Findings reveal top strategies for managing economic and regulatory shifts
July 31, 2019
Rohnert Park, CA – The Wine Business Institute in the School of Business and Economics at Sonoma State University today announced new research findings from a study on the influence of environmental factors on entrepreneurial thinking in wine businesses of different sizes and age. Results indicate that larger, older wineries are more likely to respond to environmental and economic shifts quickly and entrepreneurially compared to smaller, younger firms. However, regardless of age, size, and strategy, both types of firms share concerns for the environmental, legal, and ecological challenges, with the top three being economic cycles, laws and regulations, and climate change. The research paper titled “Environmental Perceptions on Entrepreneurial Thinking in the Wine Industry,” co-authored by Dr. Armand Gilinsky, Korbel Professor of Wine Business, Dr. Robert Eyler, professor of Economics, and Dr. Sandra Newton, professor of business, and was recently accepted for publication in the Small Enterprise Research journal and is available to the public here: https://doi.org/10.1080/
Consistent with emerging research, the study further confirms that the wine industry shifts from market concerns to macro-economic concerns because of the maturity of the sector.
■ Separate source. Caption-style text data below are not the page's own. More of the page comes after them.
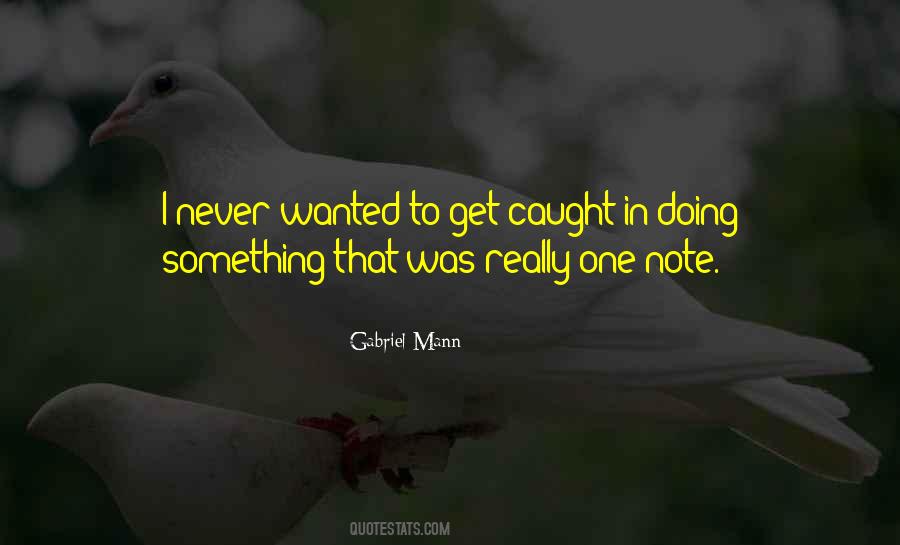 Never Get Caught Quotes #1450326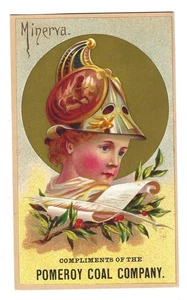 Tarjeta comercial victoriana de la década de 1880 Ohio publicidad Pomeroy Coal Company "Minerva" - Imagen 1 de 2
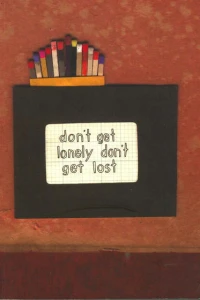 Don't Get Lonely Don't Get Lost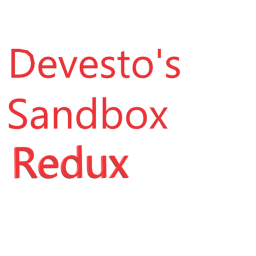 Devesto’s Sandbox Redux
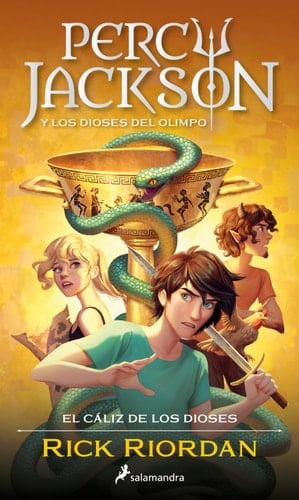 Percy Jackson y el cáliz de los dioses / The Chalice of the Gods (Percy Jackson y los dioses del olimpo / Percy Jackson and the Olympians) (Spanish Edition) - Rick Riordan · 2023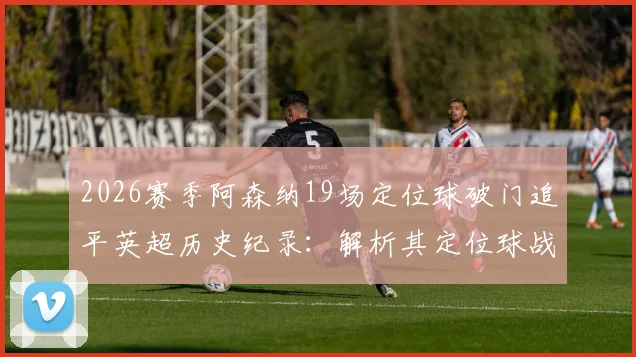 2026赛季阿森纳19场定位球破门追平英超历史纪录：解析其定位球战术与教练团队，附单赛季定位球进球数据详解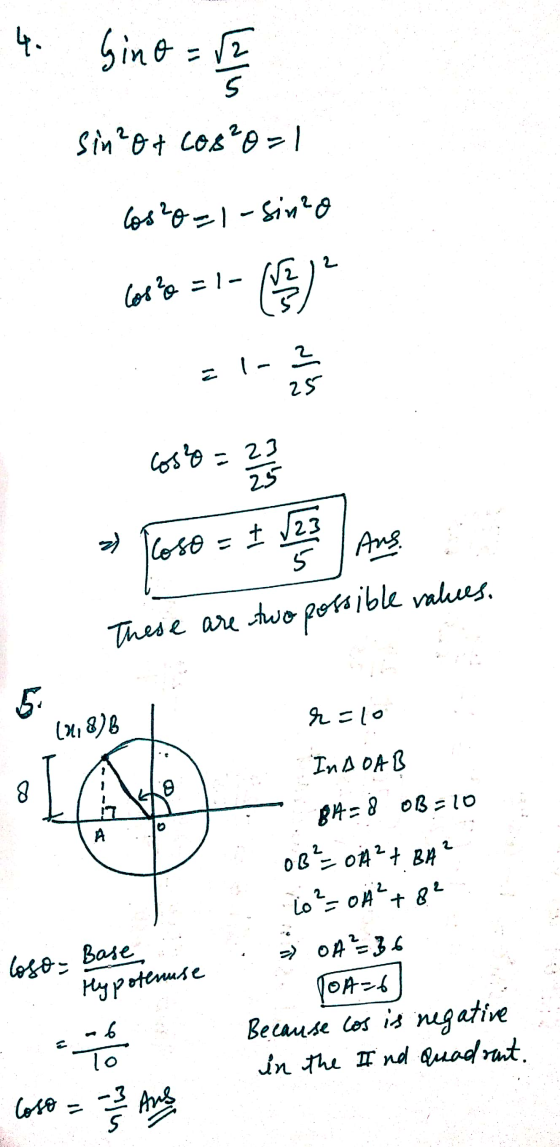 4. Gino = 1 4. 5 sin ²0+ cos²0=1 Cos?o=1-sin²o 2 los² =1-12 भी 1- 2 25 cost=23 25 2) Iloso = † 123 5 Ans. These are two possi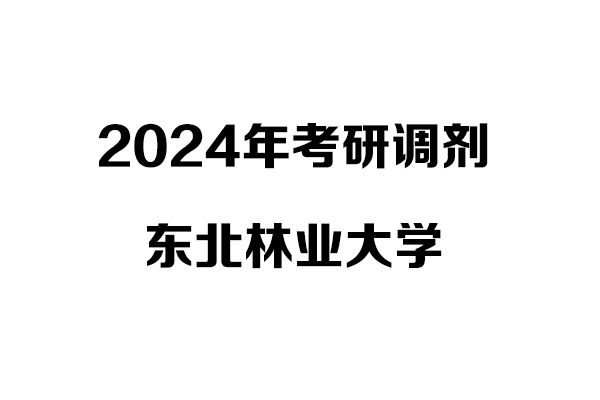 東北林業(yè)大學(xué)2024年考研調(diào)劑信息：設(shè)計(jì)（非全）、工業(yè)設(shè)計(jì)工程（非全）
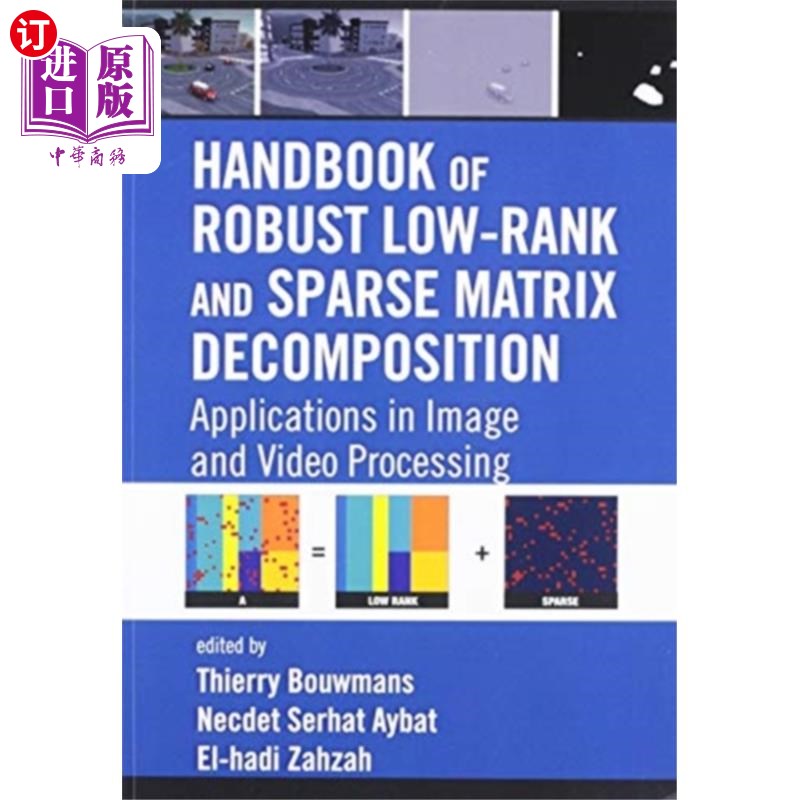 海外直订Handbook of Robust Low-Rank and Sparse Matrix De... 鲁棒低秩和稀疏矩阵分解手册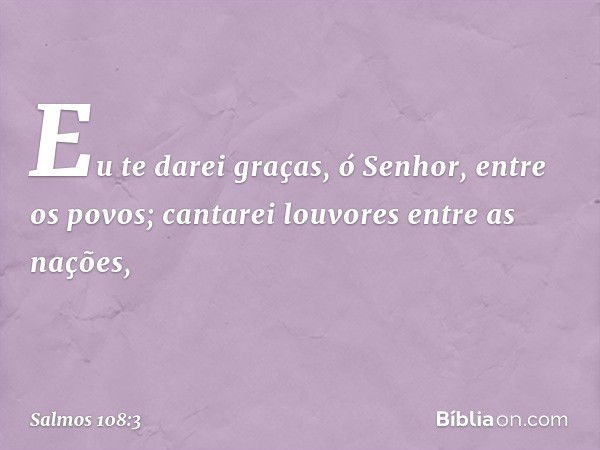 Eu te darei graças, ó Senhor, entre os povos;
cantarei louvores entre as nações, -- Salmo 108:3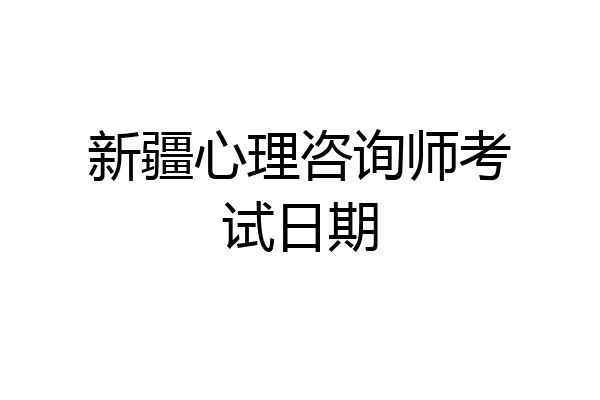 新疆心理咨询师考试日期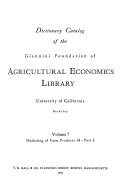 Dictionary Catalog of the Giannini Foundation of Agricultural Economics Library, University of California, Berkeley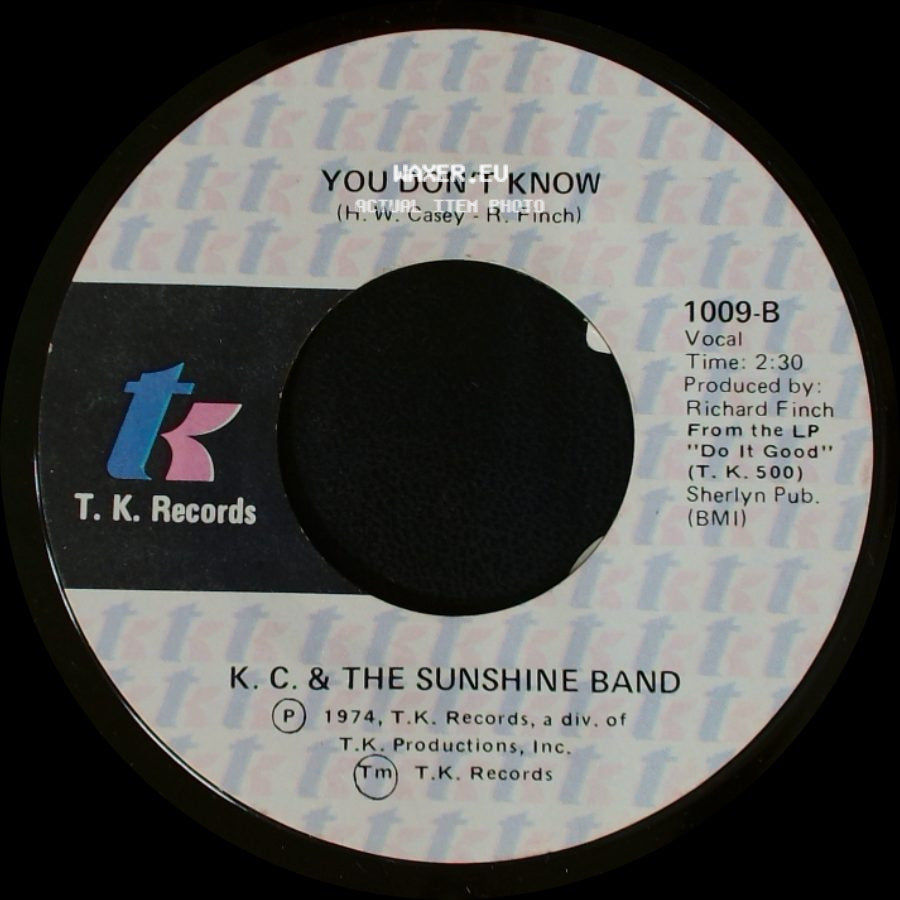 K. C. & The Sunshine Band / K.C. & The Sunshine - You Don't Know / Get Down Tonight side A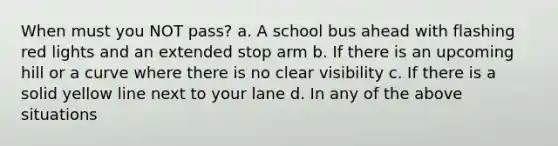 When must you NOT pass? a. A school bus ahead with flashing red lights and an extended stop arm b. If there is an upcoming hill or a curve where there is no clear visibility c. If there is a solid yellow line next to your lane d. In any of the above situations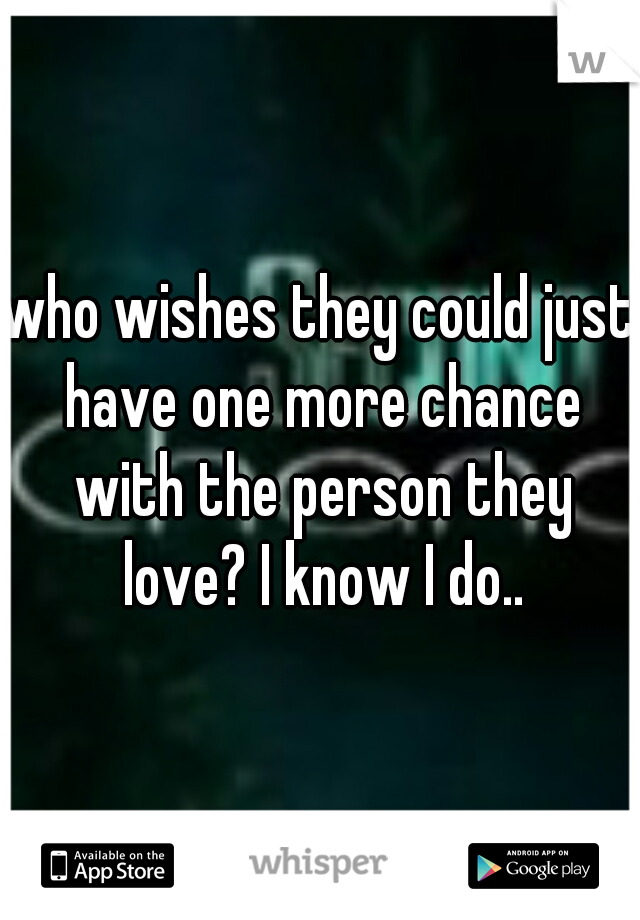 who wishes they could just have one more chance with the person they love? I know I do..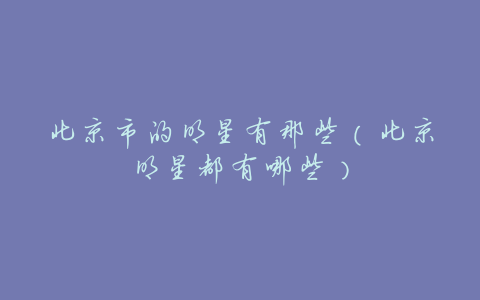 北京市的明星有那些(北京明星都有哪些)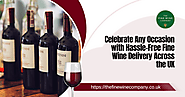 Celebrate Any Occasion with Hassle-Free Fine Wine Delivery Across the UK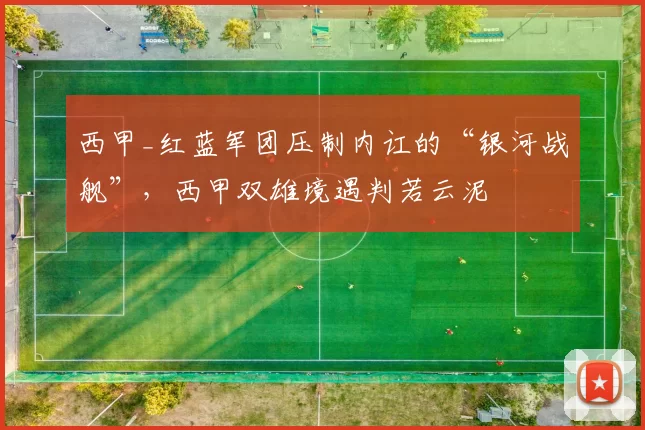 西甲_红蓝军团压制内讧的“银河战舰”，西甲双雄境遇判若云泥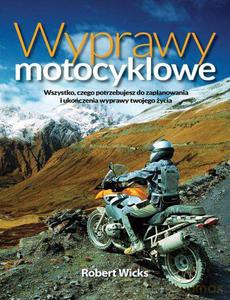 Wyprawy motocyklowe - Wicks Robert [KSIĄŻKA]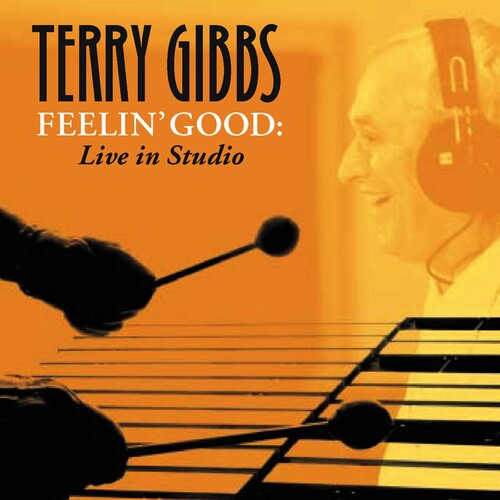 Gibbs, Terry: Feelin' Good: Live In Studio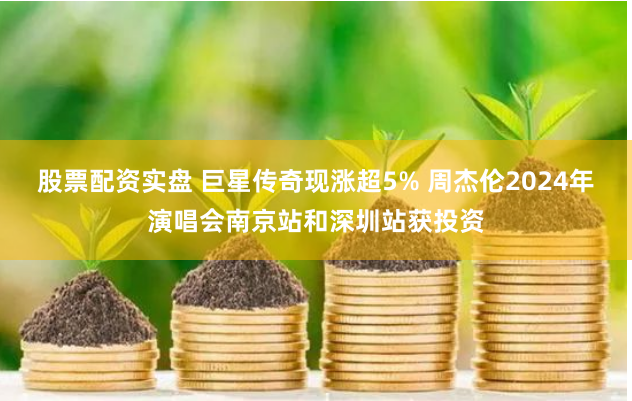 股票配资实盘 巨星传奇现涨超5% 周杰伦2024年演唱会南京站和深圳站获投资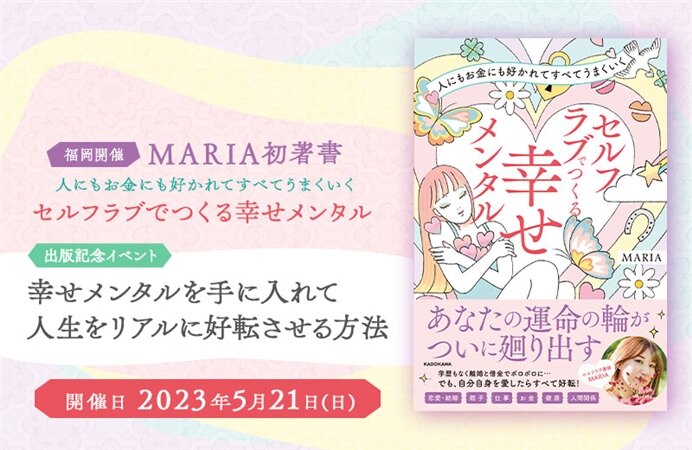 【福岡開催】MARIA初著書『人にもお金にも好かれてすべてうまくいく セルフラブでつくる 幸せメンタル』出版記念イベント~幸せメンタルを手に入れて人生をリアルに好転させる方法~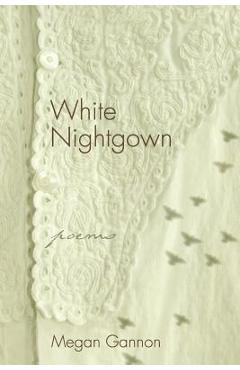 Coperta cărții 'White Nightgown: Poems - Megan Gannon'
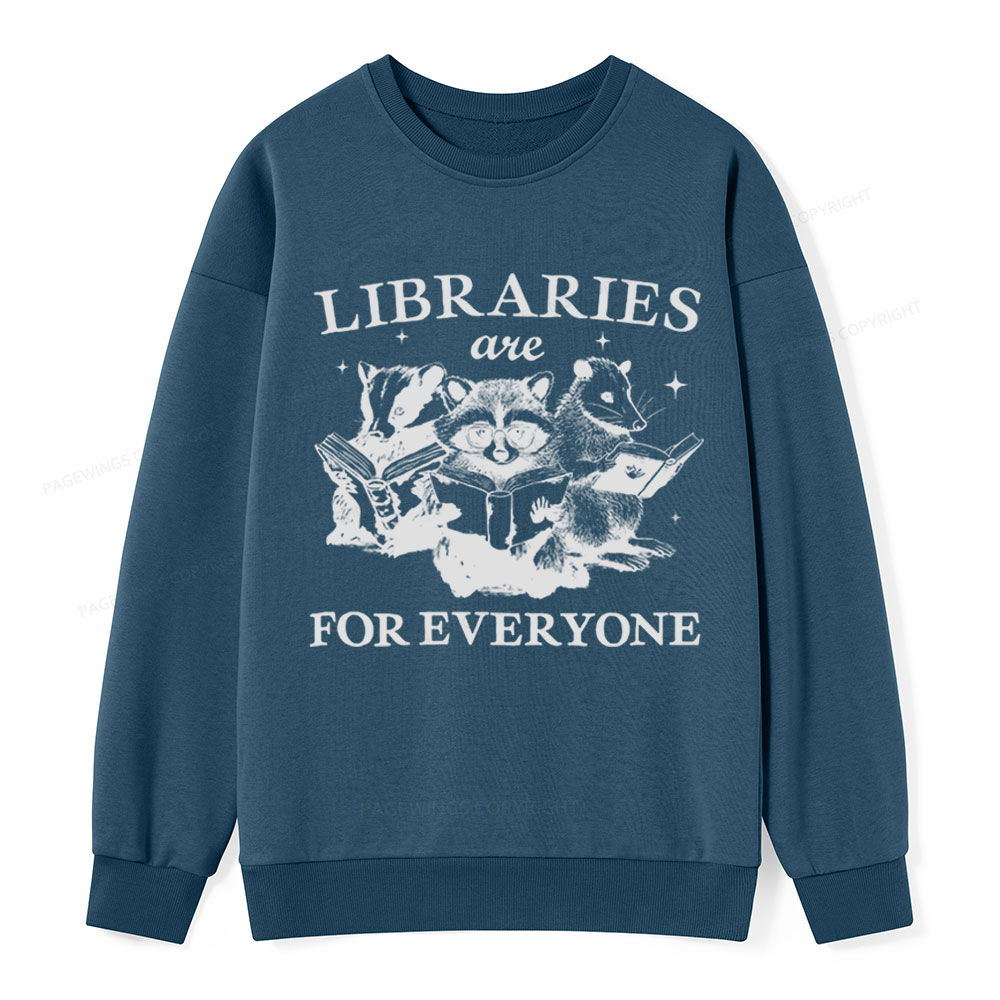 Pagewings Libraries Are For Everyone Unisex Classic Sweatshirt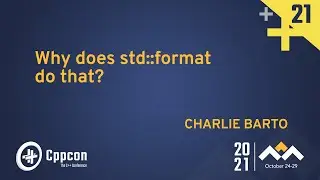 Why does std::format do that? - Charlie Barto - CppCon 2021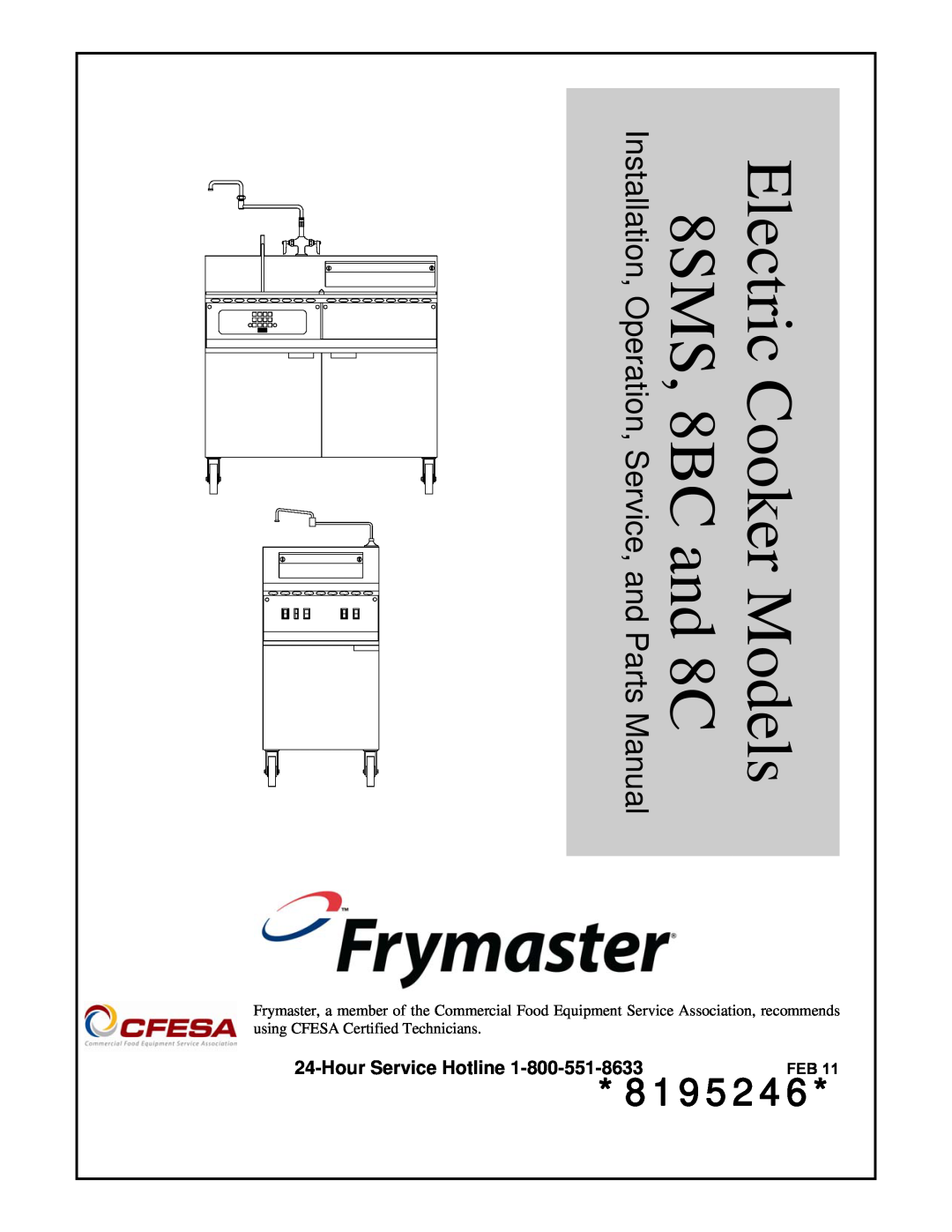 Frymaster 8BC, 8SMS, 8C manual 8195246, Hour Service Hotline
“The market to macro-economic shift is evident when we look at recent events, such as the North Coast fires, the California drought, and changes to immigration policies," said Dr. Armand Gilinsky. "Firms’ entrepreneurial behavior or ability to respond to changing regulatory, economic, geopolitical, and other environmental conditions before competitors will affect overall performance.”
Furthermore, when faced with environmental and economic challenges, the top three management strategies wine businesses employed were to change training and skills, systems for management control and procedures, and management style. Among the top business skills leaders needed to develop to stay competitive were entrepreneurial thinking, marketing, and strategic planning.
“A key component to leadership and execution success lies in the understanding of agricultural and business environments. While smaller wineries tend to focus on marketing to compete with established firms, this study suggests that small firms can also benefit from focusing on entrepreneurial thinking in this mature industry,” said Dr. Sandra Newton.
Research findings were based on a survey of 338 respondents out of a sample of 11,784 wine businesses – 58 percent were small producers, less than 20,000 cases, and 56 percent were newer wineries with less than 20 years in business. Eighty-nine percent of respondents were privately-held wineries, nine percent were publicly-held, and two percent were co-operative wineries.